安政五年〜文久二年
離郷送別
江戸からの帰国後、相変わらず日根野弁治や徳弘考蔵の門で日夜修行に励んでいた龍馬だが、そんなある日、親友・武市半平太が武者修行と称して西国へ時勢探索に旅立った。
●『維新土佐勤王史』
此の年[万延元年]瑞山は其の門人島村外内、久松喜代馬、岡田以蔵と共に暇を藩庁に請い、飄然として九州遊歴の途に上れり。龍馬、之を聞き「今日の時勢に武者修行でもあるまいに」と嘲りたれども、此は全く未だ瑞山の祕衷を端倪し能はざりしなり。
つまり龍馬は武市らの目的を「時勢探索」とは思わず、素直に「武者修行」が目的なのだろうと観ていたわけだ。自己の門人の中から態々「島村外内、久松喜代馬、岡田以蔵」といった腕利きを選んでいるのを見れば、龍馬がそのように判断するのもまた無理のないことだろう。
島村外内は武市半平太のあとをうけ、鏡新明智流士学館で塾監をつとめた島村衛吉の兄であり、本人もまた武芸をよくしたと伝わる。
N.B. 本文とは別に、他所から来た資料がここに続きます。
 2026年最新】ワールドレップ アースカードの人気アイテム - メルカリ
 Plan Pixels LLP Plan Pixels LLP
久松喜代馬は自ら道場を開き、一日数十人の門弟を相手にする傍ら、武市道場でも師範代をつとめ、安政元年には江戸で千葉定吉道場へ入門している。『玄武館出席大概』にも龍馬とともにその名を確認でき、龍馬が塾頭をつとめたという小千葉道場のもと、ともに玄武館にも在籍していたことがわかる。
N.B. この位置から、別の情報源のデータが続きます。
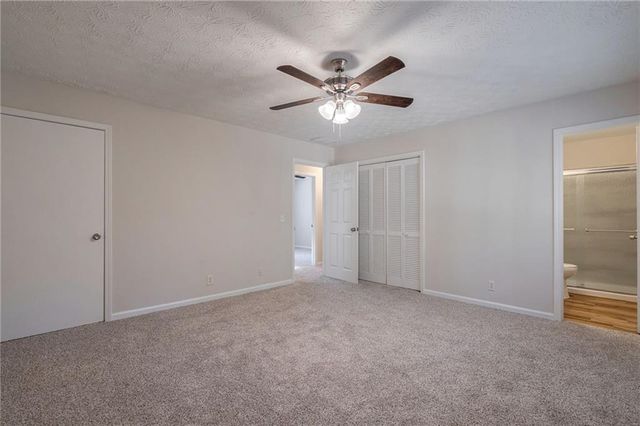 1364 W Prospect Drive, Lawrenceville, GA 30043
岡田以蔵は後世「人斬り」と称される「人斬り以蔵」のことで今回の旅中、久松とその武名を大いに上げている。
一行は、まず讃岐丸亀藩をかわきりに備前・美作・備中・備後・安芸・長州を経て九州へとわたり、大村藩斎藤歓之助の道場でたまたま武者修行中だった龍馬の甥高松太郎と合流する。この後、高松は久留米まで武市らに同行し、時勢探索に協力をしている。
ともあれ「今日の時勢に武者修行でもあるまい」にとの思いが当時の龍馬にはあったわけで、少しずつではあるが「志士」へと成長する龍馬の姿をここに見い出すことができそうだ。